I'm trying to get into the rules of the game as they're written. While I appreciate the sentiments about asking the DM, I'm not necessarily looking for that type of discussion.
Let me make a more...practical example.
Say a 15th level wizard found a Ring of Three Wishes and got impatient. He decided he wanted a 9th-level spell now and wished it into existence. The DM decides its fine but monkey paws it to say it can not be recovered in a day.
Lets say the wizard kept the slot but multiclassed into Cleric aiming for healing word, just in case. The wizard has his new spells he can put in his book. He has a 9th-level spell not from either multiclassing nor single class progression. Its an external 9th-level spell.
He should be able, by RAW (though probably not RAI), to learn a 9th-level spell.
Multiclassing did not interfere with his spellcasting feature's ability to prepare spells that he have slots for. Multiclassing, of itself, has no restrictions to what you can know or prepare, it just asks that you pretend you're single-classed into this specific class.

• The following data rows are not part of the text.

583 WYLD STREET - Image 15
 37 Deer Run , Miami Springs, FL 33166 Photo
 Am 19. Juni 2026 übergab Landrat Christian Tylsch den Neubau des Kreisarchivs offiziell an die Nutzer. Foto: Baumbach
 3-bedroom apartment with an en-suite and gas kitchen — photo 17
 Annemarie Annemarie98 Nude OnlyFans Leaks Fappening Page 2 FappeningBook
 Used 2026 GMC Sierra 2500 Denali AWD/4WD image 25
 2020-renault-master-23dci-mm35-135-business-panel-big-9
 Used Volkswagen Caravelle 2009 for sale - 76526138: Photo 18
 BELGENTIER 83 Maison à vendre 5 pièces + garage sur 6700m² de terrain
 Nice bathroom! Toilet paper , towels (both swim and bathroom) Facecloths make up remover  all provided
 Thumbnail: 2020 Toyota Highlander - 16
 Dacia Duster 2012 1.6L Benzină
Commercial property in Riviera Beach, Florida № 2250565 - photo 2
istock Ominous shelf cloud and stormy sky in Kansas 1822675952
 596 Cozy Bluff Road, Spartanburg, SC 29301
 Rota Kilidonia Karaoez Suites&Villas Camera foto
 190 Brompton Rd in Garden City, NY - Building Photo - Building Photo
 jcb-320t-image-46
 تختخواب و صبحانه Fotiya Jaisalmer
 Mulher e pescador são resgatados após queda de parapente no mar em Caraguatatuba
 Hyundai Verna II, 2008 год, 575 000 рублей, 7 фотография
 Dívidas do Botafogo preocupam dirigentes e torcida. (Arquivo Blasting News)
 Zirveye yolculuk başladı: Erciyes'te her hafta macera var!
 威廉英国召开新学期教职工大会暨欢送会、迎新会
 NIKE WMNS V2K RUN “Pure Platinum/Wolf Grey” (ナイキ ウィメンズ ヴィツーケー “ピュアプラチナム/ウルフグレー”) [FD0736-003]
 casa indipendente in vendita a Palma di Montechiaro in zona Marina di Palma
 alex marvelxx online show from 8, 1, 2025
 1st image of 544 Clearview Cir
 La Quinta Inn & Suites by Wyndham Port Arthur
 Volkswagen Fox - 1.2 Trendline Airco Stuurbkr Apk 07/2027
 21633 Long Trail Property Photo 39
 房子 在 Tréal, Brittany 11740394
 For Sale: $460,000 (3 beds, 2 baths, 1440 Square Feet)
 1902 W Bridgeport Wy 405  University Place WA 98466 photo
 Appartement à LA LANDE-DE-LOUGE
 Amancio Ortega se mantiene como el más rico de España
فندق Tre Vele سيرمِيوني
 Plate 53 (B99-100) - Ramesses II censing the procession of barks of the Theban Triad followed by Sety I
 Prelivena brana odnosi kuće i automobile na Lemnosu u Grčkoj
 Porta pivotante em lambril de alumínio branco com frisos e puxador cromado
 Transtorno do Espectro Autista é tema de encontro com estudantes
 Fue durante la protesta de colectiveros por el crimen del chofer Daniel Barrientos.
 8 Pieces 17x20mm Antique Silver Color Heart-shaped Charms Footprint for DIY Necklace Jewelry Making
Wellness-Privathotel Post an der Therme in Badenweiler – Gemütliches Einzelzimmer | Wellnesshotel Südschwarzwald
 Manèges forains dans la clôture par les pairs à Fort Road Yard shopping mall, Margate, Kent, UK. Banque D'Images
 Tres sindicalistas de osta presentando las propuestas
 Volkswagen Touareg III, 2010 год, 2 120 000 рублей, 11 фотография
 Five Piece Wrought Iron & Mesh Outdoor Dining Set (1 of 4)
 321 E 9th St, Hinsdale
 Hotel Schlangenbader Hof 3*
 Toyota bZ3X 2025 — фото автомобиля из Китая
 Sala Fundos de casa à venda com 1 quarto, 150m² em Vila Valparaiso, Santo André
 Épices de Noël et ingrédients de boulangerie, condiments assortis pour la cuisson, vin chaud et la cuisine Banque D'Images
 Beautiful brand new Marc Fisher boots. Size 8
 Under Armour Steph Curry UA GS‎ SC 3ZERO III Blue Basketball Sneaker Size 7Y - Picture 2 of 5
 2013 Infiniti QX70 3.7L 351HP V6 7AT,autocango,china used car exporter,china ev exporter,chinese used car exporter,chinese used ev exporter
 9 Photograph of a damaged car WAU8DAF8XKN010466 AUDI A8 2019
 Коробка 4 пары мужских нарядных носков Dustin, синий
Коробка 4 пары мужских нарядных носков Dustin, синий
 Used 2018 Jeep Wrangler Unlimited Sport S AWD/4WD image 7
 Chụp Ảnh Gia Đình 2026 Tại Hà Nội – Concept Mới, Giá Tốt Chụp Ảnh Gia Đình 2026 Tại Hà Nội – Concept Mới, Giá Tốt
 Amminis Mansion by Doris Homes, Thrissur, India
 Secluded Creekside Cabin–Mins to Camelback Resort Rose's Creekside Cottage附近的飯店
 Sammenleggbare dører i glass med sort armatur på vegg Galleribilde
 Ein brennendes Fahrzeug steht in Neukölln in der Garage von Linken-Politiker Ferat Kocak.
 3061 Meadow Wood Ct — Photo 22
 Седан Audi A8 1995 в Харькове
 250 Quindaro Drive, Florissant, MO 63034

Now, lets say you got an external spell slot not from a wish spell or magic item, but from a different class feature. Lets say you've obtained a mysterious 5th level spell slot as a Sorcerer 7/Wizard 1. Technically, neither classes natively give you this spell slot but you're able to synthesize this slot. Is this not yet another case of an external spell slot being given to a wizard and the wizard being able to now prepare higher level spells than before?
On another note:
A DM that allows a wish from a ring of 3 wishes to give a 9th level slot, even once, isn't "monkey's paw"ing.
He's being absurdly generous.
Wish can't replicate a 9th level spell, much less allow someone to suddenly have a 9th level slot available for use.